Generalized Source Tracing: Detecting Novel Audio Deepfake Algorithm with Real Emphasis and Fake Dispersion Strategy
Yuankun Xie, Ruibo Fu, Zhengqi Wen, Zhiyong Wang, Xiaopeng Wang, Haonnan Cheng, Long Ye, Jianhua Tao
TL;DR
This paper tackles the challenge of attributing audio deepfakes and identifying novel, out-of-distribution (OOD) deepfake algorithms. It introduces a dual-stage framework, Real Emphasis and Fake Dispersion (REFD), combined with a Novel Similarity Detection (NSD) OOD detector. Real Emphasis uses OC-Softmax to establish a tight real boundary, while Fake Dispersion employs RegMixup to produce soft logits and improve OOD sensitivity; NSD leverages feature-logit similarity to detect unknown methods. Evaluated on ADD2023T3, REFD achieves a single-system F1 score of 86.83% and demonstrates strong OOD detection across detectors, indicating robust ADAR performance with effective separation of ID and unknown deepfake classes. The work advances practical audio forensics by providing a scalable, dual-stage approach with explicit OOD handling and a specialized OOD detector.
Abstract
With the proliferation of deepfake audio, there is an urgent need to investigate their attribution. Current source tracing methods can effectively distinguish in-distribution (ID) categories.
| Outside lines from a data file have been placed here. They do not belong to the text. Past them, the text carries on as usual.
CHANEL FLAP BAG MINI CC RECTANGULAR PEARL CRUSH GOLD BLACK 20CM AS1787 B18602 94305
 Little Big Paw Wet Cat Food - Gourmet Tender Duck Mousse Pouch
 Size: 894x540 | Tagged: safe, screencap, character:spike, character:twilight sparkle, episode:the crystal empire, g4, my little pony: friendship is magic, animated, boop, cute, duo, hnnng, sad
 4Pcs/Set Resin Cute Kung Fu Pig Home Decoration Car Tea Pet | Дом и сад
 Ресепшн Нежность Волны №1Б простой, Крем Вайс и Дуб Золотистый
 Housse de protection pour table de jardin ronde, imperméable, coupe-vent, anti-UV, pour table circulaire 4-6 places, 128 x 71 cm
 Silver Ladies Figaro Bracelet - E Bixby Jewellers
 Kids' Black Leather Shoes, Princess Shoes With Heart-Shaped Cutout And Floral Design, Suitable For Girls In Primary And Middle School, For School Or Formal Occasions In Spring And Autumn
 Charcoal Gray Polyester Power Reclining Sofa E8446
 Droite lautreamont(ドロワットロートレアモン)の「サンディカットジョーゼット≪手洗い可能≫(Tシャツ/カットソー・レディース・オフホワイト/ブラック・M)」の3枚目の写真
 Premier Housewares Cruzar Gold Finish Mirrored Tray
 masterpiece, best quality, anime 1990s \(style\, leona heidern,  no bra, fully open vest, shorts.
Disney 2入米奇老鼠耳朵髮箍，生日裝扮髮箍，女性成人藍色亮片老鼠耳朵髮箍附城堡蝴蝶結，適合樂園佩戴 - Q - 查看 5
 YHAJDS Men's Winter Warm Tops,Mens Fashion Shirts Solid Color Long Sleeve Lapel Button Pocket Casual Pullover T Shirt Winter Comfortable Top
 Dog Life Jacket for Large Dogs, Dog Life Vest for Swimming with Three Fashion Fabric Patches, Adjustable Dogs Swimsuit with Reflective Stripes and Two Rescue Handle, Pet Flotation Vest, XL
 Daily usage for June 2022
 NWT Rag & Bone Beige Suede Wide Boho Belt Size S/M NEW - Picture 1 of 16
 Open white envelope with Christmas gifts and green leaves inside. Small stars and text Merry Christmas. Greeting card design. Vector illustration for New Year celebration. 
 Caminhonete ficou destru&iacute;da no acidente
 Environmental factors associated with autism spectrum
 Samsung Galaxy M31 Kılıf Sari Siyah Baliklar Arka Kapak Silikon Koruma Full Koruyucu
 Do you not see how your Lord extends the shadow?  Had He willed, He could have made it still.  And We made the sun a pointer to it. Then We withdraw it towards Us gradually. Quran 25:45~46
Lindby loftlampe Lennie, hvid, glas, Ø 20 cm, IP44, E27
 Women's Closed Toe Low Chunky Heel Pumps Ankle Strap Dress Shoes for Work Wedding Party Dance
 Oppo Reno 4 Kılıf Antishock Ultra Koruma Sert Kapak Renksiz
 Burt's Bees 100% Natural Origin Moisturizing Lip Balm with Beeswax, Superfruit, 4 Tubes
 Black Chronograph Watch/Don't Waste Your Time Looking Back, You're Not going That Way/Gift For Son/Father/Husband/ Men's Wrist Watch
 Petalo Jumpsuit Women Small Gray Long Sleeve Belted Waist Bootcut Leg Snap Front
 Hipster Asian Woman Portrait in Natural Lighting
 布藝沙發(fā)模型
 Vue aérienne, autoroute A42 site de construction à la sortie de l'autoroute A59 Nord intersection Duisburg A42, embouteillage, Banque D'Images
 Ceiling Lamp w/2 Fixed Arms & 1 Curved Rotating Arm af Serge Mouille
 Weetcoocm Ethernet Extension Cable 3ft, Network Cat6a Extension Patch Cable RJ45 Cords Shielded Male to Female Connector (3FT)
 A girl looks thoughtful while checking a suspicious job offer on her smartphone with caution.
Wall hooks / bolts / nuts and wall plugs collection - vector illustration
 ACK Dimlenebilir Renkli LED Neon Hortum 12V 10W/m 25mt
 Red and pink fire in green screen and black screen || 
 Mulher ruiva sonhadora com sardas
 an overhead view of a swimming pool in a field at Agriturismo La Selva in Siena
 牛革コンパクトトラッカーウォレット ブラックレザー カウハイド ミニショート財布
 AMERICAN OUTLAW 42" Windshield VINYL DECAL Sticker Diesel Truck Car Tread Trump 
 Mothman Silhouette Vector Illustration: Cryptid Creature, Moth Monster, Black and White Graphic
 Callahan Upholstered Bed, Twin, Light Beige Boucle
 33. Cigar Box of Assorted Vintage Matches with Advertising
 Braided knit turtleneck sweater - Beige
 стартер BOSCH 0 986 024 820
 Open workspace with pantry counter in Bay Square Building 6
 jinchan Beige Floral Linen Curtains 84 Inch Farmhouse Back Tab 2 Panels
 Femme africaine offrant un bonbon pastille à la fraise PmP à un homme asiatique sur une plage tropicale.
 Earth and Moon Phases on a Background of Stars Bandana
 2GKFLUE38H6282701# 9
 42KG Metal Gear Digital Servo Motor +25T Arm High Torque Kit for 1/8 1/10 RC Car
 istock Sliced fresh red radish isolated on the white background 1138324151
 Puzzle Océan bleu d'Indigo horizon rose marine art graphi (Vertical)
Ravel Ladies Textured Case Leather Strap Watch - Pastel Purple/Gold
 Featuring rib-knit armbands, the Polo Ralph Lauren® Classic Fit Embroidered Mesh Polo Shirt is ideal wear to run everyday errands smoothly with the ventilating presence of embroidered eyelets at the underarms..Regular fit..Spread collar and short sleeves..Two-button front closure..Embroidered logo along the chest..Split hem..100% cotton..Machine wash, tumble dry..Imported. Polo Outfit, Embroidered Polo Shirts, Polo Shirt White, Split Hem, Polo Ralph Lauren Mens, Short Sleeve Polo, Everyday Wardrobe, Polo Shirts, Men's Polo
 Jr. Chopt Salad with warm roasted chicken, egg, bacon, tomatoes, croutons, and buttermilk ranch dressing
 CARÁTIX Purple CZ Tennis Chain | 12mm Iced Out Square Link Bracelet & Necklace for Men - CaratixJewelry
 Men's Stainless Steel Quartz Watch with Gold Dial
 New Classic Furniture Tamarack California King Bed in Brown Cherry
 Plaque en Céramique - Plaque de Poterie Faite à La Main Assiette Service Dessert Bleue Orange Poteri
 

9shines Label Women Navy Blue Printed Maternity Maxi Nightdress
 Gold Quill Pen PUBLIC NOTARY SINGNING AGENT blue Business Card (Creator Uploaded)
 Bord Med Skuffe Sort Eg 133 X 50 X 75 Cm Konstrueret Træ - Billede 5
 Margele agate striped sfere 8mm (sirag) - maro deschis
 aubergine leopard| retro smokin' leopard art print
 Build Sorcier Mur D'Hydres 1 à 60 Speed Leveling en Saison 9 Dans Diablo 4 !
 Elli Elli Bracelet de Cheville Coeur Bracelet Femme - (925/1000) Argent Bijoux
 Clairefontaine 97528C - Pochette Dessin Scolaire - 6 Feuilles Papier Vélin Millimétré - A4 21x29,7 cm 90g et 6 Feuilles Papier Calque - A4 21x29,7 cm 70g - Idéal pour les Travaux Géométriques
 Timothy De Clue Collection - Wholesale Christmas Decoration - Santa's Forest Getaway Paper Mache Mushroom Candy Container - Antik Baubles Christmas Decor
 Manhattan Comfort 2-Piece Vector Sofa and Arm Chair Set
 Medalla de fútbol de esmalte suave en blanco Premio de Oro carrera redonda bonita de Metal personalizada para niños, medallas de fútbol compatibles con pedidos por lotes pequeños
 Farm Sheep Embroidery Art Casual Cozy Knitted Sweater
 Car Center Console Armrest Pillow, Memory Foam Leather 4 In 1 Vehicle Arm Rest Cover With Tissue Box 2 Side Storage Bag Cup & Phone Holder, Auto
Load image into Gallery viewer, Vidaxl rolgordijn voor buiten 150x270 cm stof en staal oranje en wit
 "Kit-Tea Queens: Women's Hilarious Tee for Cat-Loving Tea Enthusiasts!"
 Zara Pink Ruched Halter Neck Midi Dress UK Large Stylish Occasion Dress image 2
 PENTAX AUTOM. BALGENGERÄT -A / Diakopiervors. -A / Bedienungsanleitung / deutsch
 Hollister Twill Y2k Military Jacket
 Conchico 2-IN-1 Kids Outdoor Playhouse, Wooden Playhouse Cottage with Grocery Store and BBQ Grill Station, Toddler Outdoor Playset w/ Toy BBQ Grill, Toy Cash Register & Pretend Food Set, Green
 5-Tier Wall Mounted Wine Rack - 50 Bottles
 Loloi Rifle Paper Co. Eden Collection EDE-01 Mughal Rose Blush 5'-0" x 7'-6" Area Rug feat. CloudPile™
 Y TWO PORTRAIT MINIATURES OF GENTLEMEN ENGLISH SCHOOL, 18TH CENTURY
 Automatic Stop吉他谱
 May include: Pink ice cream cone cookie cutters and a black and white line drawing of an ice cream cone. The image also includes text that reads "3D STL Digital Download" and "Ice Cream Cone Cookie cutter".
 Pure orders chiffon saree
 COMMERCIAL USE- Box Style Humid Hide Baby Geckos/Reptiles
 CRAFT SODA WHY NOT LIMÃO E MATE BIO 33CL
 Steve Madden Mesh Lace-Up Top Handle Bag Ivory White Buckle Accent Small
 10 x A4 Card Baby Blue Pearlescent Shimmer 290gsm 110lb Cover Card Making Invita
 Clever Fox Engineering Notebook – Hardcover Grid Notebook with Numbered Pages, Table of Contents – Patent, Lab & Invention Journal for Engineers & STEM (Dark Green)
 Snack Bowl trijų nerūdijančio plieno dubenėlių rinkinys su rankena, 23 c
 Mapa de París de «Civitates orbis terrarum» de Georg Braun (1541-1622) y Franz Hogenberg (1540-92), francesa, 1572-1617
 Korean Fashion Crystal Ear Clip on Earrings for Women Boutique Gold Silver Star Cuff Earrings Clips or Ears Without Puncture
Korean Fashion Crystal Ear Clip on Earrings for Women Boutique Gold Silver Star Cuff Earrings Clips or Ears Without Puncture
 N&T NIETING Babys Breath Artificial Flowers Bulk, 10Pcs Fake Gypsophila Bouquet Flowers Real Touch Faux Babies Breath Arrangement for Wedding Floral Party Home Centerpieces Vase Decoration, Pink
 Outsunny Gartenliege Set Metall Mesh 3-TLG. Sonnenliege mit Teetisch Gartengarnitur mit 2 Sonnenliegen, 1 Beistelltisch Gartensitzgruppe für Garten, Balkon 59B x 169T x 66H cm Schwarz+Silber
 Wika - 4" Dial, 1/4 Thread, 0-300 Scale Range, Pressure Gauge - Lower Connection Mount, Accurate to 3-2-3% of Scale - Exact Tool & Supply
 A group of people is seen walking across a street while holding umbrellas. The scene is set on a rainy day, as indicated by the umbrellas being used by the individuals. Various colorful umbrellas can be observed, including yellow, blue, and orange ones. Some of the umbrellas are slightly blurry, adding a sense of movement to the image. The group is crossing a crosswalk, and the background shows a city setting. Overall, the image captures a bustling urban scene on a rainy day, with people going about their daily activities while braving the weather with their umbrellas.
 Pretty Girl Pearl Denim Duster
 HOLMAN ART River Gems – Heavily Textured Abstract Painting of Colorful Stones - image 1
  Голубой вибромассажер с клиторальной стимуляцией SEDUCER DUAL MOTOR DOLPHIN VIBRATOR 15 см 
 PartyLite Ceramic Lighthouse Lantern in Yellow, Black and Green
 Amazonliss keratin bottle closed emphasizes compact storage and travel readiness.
However, the rapid evolution of deepfake algorithms poses a critical challenge in the accurate identification of out-of-distribution (OOD) novel deepfake algorithms. In this paper, we propose Real Emphasis and Fake Dispersion (REFD) strategy for audio deepfake algorithm recognition, demonstrating its effectiveness in discriminating ID samples while identifying OOD samples. For effective OOD detection, we first explore current post-hoc OOD methods and propose NSD, a novel OOD approach in identifying novel deepfake algorithms through the similarity consideration of both feature and logits scores. REFD achieves 86.83% F1-score as a single system in Audio Deepfake Detection Challenge 2023 Track3, showcasing its state-of-the-art performance.